I saw her check out, I got this brilliant idea to offer her help getting her groceries to her car. She looked at me, like ok……but are you out of your mind? LOL! I loaded her groceries, VERY carefully. I saw a lawnmower blade in her trunk, which made my mind go in even weirder directions and I asked if she had lawnmower problems….she said she had to go to the hardware store to order a new one but they didn’t have it in store and their grass was getting tall. I said, let me mow it for you, that’s what I do when I’m not working here or in school. The look on her face, LOL! She said, well alright. Be there Sunday 3 PM. I was thinking that’s weird, why would it matter what day and time? But I went along with it. I do it, and I told her thanks for not staying pissed at me, have a great rest of the day. No, come in now. Um….ok? So I did, there was this huge spread on the table with lasagna, salad, Italian bread and olive oil, and bakery canoli’s and the house smelled great! They said to sit down and eat with them. Which in an Italian family is a privilege, they don’t open up their home to just anybody for Sunday dinner. She told me in front of her sons, she appreciated me being man enough to admit I was wrong, and going above and beyond to make it right, so that’s why they wanted me to stay for dinner. We were friends ever since then, LOL!
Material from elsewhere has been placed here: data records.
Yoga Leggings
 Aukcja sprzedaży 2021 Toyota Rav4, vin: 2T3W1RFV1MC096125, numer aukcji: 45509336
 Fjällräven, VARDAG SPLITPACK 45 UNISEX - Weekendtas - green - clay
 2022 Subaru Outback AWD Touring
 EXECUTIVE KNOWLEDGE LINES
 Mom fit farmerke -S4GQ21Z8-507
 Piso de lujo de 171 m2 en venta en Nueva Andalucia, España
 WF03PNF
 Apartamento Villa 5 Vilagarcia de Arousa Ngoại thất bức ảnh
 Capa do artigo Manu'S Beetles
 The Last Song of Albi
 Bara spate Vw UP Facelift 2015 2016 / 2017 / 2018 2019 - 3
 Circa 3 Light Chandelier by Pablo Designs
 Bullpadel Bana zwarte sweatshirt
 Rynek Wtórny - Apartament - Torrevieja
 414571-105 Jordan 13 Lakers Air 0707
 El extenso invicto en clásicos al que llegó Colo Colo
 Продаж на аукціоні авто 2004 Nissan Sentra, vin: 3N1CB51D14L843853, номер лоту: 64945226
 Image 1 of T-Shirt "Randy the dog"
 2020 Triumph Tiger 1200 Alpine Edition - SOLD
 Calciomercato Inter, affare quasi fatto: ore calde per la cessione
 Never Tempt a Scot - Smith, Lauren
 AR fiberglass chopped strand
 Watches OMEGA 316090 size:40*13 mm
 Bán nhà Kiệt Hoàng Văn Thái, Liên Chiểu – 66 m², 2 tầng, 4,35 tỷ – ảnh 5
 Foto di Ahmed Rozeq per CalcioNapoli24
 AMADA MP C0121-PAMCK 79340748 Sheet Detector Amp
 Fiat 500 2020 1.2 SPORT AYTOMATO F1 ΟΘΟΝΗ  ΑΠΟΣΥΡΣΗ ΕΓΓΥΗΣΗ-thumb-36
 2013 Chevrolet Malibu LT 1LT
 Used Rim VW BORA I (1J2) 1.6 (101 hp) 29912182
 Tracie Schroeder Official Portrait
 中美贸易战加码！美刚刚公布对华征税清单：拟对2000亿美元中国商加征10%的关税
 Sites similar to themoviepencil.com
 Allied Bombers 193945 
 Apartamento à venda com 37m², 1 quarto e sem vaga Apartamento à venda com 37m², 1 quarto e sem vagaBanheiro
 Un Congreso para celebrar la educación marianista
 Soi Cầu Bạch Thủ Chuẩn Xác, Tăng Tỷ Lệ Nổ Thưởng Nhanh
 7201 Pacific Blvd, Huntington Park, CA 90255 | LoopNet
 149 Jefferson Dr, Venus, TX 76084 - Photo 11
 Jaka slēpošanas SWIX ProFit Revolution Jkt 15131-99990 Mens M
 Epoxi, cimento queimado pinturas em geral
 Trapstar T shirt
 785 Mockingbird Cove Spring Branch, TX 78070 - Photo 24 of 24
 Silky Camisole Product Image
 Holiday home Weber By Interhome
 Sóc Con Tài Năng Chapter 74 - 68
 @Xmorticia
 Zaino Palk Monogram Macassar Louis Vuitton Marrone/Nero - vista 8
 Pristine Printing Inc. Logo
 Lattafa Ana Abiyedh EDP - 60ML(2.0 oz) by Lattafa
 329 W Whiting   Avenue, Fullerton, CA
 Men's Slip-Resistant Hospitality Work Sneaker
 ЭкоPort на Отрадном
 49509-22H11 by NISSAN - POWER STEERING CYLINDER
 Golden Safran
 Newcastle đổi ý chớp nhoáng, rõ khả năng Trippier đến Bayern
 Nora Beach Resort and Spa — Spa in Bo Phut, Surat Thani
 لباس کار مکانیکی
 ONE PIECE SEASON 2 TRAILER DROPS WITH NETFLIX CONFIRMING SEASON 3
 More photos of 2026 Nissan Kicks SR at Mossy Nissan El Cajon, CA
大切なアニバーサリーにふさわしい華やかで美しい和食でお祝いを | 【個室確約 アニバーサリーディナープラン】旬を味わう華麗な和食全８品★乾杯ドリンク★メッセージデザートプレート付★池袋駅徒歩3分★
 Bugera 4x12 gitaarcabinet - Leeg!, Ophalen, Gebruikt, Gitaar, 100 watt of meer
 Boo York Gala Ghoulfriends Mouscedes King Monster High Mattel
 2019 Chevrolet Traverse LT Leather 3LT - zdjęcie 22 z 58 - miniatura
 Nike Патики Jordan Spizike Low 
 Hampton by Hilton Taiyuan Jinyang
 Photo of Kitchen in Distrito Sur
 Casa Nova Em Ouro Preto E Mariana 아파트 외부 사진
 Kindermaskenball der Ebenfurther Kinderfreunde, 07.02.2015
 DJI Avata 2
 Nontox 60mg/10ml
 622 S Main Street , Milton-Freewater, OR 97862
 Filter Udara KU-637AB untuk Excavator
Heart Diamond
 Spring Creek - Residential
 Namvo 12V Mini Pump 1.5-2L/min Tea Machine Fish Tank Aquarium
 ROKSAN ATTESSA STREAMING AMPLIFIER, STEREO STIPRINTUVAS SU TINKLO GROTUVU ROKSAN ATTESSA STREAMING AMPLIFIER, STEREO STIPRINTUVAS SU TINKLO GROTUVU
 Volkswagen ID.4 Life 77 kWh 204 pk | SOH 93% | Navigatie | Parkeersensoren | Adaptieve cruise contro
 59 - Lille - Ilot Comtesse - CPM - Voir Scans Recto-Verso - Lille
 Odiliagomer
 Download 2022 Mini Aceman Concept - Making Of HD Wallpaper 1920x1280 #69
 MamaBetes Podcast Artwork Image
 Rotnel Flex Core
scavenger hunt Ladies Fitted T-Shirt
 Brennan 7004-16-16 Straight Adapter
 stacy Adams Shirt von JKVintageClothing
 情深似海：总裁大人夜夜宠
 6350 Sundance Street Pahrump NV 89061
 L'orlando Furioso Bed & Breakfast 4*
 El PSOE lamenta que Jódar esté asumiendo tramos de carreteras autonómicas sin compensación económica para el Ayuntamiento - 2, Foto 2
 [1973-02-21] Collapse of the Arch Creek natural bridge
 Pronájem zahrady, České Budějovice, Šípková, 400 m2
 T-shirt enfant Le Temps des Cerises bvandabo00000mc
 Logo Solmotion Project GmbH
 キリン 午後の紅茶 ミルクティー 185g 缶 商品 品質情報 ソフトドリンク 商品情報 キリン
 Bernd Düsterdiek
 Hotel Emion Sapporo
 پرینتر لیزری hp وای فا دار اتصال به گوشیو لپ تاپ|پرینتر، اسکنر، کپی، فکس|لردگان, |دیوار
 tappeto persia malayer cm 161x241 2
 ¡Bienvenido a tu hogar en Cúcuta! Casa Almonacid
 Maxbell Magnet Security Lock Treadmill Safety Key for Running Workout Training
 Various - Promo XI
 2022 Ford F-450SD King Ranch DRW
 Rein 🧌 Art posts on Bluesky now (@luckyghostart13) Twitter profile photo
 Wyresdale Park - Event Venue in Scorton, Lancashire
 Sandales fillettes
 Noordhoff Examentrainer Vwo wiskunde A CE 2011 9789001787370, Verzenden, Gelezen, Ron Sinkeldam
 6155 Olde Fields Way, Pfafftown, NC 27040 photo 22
Not that intimidation and fear should be the motivation to be respectful towards female clients, but it’s what they expect and deserve. Women doing intimate photoshoots feel vulnerable, and need a discreet and respectful, yet fun photographer to capture their best moods and make their experience the best. Photography is a very personal service, especially as it pertains to nude or boudoir photography. If clients have a fun and comfortable experience, they will tell others. If not, it can be damaging to their self esteem….and we all know a dissatisfied customer tells more people than a happy one. Not only are proper angles and lighting important, but so it personality, character, and respect.